Edward Brice or Bryce (c. 1569–1636) was a Scottish Presbyterian minister, the first Presbyterian with a living in Ireland.

==Life==
He was born at Airth, Stirlingshire, about 1569, and is named Bryce in the Scottish records, but Brice in the Irish records. He entered the University of Edinburgh in about 1589, and studied under Charles Ferme (or Fairholm). He laureated 12 August 1593. On 30 December 1595 he was admitted by the Stirling presbytery to the parochial charge of Bothkennar. He was translated to Drymen on 14 May 1602 and admitted on 30 September by the Dumbarton presbytery.

At the synod of Glasgow on 18 August 1607, he bitterly opposed the appointment of John Spottiswoode as permanent moderator, in accordance with the king's recommendation, adopted by the general assembly at Linlithgow on 10 December 1606. In 1613 Archbishop Spottiswoode and the presbytery of Glasgow deposed him for adultery. Robert Echlin, bishop of Down and Connor then gave Brice the cure of Templecorran (otherwise known as Ballycarry or Broadisland) in County Antrim in 1613 (maybe 1614, New Style). William Edmunstone, laird of Duntreath, Stirlingshire, who had joined in the plantation of the Ards, County Down, in 1606, was now at Broadisland, having obtained a perpetual lease of on lands there on 28 May 1609.

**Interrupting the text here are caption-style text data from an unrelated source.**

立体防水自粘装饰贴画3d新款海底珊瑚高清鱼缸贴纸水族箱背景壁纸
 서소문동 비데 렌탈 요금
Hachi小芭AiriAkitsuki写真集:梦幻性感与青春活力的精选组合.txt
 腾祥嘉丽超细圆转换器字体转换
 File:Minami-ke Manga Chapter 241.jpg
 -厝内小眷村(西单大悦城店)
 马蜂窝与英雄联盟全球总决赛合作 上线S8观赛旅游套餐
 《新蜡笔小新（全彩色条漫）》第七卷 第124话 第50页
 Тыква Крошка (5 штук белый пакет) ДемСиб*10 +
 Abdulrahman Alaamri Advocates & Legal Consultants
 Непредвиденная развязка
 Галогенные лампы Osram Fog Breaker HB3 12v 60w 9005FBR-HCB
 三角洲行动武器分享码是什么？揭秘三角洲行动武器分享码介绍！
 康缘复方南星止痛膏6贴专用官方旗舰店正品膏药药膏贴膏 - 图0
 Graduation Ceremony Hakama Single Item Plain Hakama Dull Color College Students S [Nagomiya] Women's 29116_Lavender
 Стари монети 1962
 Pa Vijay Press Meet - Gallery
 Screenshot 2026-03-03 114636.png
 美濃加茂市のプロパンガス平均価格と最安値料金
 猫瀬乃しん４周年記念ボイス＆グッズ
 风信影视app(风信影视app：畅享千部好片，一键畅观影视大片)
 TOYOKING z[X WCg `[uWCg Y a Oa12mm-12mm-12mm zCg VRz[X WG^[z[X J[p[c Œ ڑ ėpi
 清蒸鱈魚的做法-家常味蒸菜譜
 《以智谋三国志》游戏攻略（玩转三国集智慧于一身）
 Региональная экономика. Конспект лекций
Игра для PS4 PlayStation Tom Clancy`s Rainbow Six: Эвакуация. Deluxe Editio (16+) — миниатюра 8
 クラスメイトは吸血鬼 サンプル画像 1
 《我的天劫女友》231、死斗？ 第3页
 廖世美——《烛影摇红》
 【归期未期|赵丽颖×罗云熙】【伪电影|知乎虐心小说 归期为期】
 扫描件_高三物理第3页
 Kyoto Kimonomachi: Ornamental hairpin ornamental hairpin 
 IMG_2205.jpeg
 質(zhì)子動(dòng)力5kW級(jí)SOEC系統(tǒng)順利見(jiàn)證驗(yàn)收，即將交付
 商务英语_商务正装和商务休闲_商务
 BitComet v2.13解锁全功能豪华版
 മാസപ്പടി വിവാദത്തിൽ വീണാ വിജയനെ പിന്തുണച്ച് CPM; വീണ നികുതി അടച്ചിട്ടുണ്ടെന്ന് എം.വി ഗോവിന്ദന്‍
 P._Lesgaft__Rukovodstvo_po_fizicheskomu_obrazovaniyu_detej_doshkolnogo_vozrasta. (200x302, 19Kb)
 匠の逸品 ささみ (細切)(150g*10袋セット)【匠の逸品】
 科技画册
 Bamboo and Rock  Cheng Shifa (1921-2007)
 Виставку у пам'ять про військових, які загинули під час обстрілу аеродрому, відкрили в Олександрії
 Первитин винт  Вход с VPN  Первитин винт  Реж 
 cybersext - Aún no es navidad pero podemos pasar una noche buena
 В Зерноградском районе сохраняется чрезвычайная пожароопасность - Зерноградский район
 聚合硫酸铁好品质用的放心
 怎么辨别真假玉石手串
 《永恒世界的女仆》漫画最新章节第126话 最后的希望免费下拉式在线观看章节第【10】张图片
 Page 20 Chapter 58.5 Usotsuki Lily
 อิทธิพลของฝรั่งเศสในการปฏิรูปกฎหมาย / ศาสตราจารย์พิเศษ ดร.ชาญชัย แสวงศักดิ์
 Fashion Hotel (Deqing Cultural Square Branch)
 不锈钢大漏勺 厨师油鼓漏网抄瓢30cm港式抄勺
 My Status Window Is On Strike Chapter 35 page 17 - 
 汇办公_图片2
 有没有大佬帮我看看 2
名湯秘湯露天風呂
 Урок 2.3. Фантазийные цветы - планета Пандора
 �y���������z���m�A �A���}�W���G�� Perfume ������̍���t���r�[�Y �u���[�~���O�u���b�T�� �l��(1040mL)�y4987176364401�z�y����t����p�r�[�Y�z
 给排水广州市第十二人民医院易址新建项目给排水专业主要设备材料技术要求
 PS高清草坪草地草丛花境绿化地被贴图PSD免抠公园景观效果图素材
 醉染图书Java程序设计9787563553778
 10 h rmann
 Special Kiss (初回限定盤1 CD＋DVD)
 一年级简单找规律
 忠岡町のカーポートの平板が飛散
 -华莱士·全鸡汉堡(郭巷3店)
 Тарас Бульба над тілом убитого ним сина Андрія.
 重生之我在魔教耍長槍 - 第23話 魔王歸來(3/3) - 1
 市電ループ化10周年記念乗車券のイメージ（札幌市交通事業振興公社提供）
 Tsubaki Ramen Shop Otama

The tradition is that Brice preached alternately at Templecorran and Ballykeel, Islandmagee. In September 1619 Echlin conferred on him the prebend of Kilroot. The Ulster Visitation of 1622 says that Brice 'serveth the cures of Templecorran and Kilroot - church at Kilroot decayed - that at Ballycarry has the walls newly erected, but not roofed.' He became involved in the Six Mile Water revival of 1625..

In 1629 Brice is described as aged man and in 1630, when present on a communion Sunday at Templepatrick, he was unable to preach as appointed. Henry Calvert (or Colwort), an Englishman, was brought in by Lady Duntreath of Broadisland, as assistant to Brice; in June 1630 Calvert became minister of Muckamore (or Oldstone), County Antrim.

On Echlin's death, 17 July 1635, Henry Leslie succeeded as bishop, and held his primary visitation at Lisburn in July 1636, and requiring subscription from all the clergy. Brice and Calvert were among the five who refused compliance, two others being James Hamilton and John Ridge. A private conference produced no result, and though on 11 August Leslie made concessions on the conduct of services, the subscription was still refused. On the 12 August, he, along with Hamilton and Ridge, was suspended from his post by Bishop Leslie, due to a refusal to follow church episcopy.

Brice died soon after, and the Presbyterians appointed no regular successor to him till 1646. His tombstone at the ruined church of Ballycarry says that he died, aged 67, and left two sons and two daughters. His eldest son, Robert, acquired a fortune at Castlechester, then the point of departure for the Scottish mail; pennies are extant with his name, dated Castlechester, 1671.